Financial and political support from Washington helped engineer Zardari into power. He has been put in charge of the millions a month in overt and secret cash flow from Washington — $11.2 billion officially since 2001 — that Musharraf used to buy influence. Contrary to Washington’s claims it was neutral in the race between Zardari and his rival, former Prime Minister Nawaz Sharif, Washington spent a great deal of money and energy trying to sideline Nawaz, who has long been unpopular in Washington as insufficiently responsive to US interests.
Zardari became notorious as ‘Mr. 10 per cent’ when he was minister of public contracts during his wife’s tenure as prime minister. Zardari claims all the corruption charges against him were politically motivated and denies any wrongdoing. But many Pakistanis, particularly in the powerful armed forces, are not happy seeing as their new prime minister a man of dubious reputation and a penchant for personal excess.
Even so, Zardari has apparently assumed all of the sweeping powers held by former president Musharraf. Now that Zardari is seen as Washington’s new Musharraf, these charges against him will redouble. Few outside his People’s Party see Zardari as an ideal choice for Pakistan’s leader in a time of growing crisis, but he may yet rise to the occasion. He has certainly pleased Washington by vowing to prosecute the internal war against pro-Taleban tribesmen and aid the US-led war in Afghanistan. Rising violence along the Pakistan-Afghanistan border threatens a far wider crisis.

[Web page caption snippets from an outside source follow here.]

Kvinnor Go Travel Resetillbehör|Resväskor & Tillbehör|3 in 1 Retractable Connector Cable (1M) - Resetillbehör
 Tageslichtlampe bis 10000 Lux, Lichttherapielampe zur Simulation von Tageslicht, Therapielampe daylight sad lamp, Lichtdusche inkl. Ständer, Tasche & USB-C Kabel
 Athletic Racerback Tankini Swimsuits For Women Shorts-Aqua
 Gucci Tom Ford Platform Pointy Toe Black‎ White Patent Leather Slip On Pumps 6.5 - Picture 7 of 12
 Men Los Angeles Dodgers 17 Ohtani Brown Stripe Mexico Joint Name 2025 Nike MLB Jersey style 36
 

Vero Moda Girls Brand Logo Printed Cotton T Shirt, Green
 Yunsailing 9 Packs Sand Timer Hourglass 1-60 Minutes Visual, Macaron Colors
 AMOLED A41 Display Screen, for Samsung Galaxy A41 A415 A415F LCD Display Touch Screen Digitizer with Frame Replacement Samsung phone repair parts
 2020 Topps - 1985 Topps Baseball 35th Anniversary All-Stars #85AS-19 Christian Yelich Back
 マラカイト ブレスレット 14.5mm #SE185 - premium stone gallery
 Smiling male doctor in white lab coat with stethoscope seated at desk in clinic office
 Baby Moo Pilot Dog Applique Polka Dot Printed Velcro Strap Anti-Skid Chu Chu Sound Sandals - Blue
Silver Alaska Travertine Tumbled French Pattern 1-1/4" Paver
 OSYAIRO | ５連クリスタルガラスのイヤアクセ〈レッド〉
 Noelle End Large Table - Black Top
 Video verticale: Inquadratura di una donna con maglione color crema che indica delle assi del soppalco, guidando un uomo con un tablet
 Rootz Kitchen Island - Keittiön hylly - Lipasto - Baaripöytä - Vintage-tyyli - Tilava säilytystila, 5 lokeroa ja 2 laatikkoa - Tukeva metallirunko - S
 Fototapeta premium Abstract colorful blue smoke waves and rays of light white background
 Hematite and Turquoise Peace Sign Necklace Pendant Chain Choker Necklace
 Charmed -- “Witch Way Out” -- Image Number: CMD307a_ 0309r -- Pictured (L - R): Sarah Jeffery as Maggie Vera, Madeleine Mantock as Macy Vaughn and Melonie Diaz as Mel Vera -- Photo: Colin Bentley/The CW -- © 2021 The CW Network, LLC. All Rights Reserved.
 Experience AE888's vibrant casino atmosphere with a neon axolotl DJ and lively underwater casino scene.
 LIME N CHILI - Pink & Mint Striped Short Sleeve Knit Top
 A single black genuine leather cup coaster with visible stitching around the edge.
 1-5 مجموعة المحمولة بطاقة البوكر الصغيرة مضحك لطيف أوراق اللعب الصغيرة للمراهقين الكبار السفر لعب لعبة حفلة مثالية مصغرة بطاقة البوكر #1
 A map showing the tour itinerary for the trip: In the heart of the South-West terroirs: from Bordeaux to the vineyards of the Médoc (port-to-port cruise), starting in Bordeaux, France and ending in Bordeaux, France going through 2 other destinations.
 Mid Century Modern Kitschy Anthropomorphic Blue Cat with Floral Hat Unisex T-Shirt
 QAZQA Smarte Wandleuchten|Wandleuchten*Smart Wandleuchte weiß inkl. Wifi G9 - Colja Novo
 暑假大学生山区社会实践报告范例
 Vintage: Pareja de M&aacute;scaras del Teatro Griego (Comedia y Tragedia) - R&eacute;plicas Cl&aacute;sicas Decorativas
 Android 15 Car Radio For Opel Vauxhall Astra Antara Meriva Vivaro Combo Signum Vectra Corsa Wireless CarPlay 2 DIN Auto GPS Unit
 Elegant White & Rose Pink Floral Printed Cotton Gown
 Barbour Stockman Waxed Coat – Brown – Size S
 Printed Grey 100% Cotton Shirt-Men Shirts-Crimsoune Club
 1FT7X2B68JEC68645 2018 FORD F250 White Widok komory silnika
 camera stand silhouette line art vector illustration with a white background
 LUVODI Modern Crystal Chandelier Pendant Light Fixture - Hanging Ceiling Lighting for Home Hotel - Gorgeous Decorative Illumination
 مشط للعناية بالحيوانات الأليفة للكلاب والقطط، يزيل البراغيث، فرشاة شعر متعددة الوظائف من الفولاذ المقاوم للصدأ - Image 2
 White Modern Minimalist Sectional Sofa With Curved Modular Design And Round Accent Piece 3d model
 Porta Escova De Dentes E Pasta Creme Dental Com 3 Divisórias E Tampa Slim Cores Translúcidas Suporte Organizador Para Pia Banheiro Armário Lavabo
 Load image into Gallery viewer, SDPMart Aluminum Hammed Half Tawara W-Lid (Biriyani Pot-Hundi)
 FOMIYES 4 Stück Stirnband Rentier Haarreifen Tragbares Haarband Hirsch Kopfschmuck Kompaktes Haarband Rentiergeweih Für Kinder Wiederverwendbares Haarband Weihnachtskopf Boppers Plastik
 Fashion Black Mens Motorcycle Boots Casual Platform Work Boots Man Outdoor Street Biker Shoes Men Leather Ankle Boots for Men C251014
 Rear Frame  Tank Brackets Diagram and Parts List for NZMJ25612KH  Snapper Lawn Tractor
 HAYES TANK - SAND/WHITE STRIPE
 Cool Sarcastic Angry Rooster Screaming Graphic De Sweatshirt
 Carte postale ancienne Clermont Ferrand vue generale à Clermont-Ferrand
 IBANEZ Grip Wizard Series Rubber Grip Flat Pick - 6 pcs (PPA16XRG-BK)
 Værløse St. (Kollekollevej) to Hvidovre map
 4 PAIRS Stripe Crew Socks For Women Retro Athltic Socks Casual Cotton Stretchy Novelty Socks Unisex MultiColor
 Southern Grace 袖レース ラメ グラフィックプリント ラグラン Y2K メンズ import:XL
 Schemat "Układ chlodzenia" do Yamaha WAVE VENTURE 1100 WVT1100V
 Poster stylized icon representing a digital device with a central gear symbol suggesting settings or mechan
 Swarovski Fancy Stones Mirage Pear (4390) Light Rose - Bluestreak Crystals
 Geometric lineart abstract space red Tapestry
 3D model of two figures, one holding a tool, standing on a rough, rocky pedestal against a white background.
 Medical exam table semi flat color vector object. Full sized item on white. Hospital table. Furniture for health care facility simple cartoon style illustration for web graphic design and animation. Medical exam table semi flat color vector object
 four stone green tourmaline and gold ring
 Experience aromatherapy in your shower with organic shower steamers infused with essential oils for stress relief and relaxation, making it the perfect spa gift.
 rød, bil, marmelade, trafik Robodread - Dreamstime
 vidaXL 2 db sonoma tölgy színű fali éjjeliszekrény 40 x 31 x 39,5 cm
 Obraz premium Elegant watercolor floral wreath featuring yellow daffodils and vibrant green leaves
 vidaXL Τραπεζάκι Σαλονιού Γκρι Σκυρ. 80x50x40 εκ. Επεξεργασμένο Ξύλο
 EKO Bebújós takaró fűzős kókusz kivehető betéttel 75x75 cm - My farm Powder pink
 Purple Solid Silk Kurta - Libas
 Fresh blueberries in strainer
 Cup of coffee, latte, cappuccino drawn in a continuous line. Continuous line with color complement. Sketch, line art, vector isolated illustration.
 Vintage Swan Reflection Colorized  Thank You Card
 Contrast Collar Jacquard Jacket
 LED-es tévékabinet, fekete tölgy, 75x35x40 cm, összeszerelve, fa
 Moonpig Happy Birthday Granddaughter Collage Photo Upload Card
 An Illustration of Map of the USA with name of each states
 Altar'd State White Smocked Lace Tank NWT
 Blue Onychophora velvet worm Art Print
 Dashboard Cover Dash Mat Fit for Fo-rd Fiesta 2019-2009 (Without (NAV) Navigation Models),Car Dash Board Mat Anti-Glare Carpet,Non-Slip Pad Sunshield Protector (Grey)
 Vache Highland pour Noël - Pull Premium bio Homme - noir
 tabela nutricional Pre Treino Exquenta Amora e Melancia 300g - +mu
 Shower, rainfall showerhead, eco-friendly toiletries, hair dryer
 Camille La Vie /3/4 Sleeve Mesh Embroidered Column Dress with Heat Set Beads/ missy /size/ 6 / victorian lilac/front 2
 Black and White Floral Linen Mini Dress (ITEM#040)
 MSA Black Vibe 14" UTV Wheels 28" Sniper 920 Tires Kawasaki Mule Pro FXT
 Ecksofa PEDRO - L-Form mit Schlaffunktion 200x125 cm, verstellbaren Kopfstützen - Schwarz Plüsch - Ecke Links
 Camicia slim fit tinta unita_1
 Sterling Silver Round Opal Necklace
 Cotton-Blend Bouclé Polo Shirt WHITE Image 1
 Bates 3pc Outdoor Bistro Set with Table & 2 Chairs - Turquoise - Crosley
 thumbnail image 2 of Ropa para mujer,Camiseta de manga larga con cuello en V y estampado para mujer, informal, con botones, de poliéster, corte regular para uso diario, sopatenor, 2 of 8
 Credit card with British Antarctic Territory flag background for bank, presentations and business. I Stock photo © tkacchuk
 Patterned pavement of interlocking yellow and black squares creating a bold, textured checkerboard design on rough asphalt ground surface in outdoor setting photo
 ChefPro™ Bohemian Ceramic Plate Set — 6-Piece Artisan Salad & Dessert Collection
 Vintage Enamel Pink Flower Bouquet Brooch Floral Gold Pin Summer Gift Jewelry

There have been frequent clashes between Pakistan paramilitary units and US forces attacking inside FATA. A major overt US commando raid against a Pashtun village inside Pakistan killed up to 20 civilians last week and brought threats from Pakistan’s chief of staff, Gen. Afshaq Kayani, the 650,000-man armed forces would fight to defend the nation’s territory.
Deeply frustrated by the failure of its war in Afghanistan and inability to defeat Taleban, the Bush administration wants to expand the war into Pakistan tribal areas which are supposedly serving as a base for the Afghan resistance to western occupation. The Pentagon’s influential Special Operations Command, whose senior ranks hold a number of militant Christian fundamentalists, leads the effort to expand the war into Pakistan.
Once again, arrogance and ignorance are misleading the US into another misfortune. Increased US incursions into FATA will almost certainly arouse most of the Pashtun tribes to resist the attackers and eventually involve units of the regular Pakistani armed forces. Pashtuns, 20 per cent of Pakistan’s population, are heavily represented in the higher ranks of the military and intelligence service, ISI.
US attacks will inevitably produce ‘mission creep,’ as American forces are sucked ever deeper into Pakistan. Worse, continuing US attacks on FATA could provoke a major Pashtun tribal uprising and re-ignite a simmering secessionist movement for an independent ‘Pashtunistan’ in the strategic northwest frontier that could tear always fragile Pakistan apart and invite Indian intervention as occurred in East Pakistan in 1971. This explosive issue is barely understood in Washington. Meanwhile, Pakistan is a ticking time bomb and the new Zardari government appears headed into a storm of instability and growing opposition.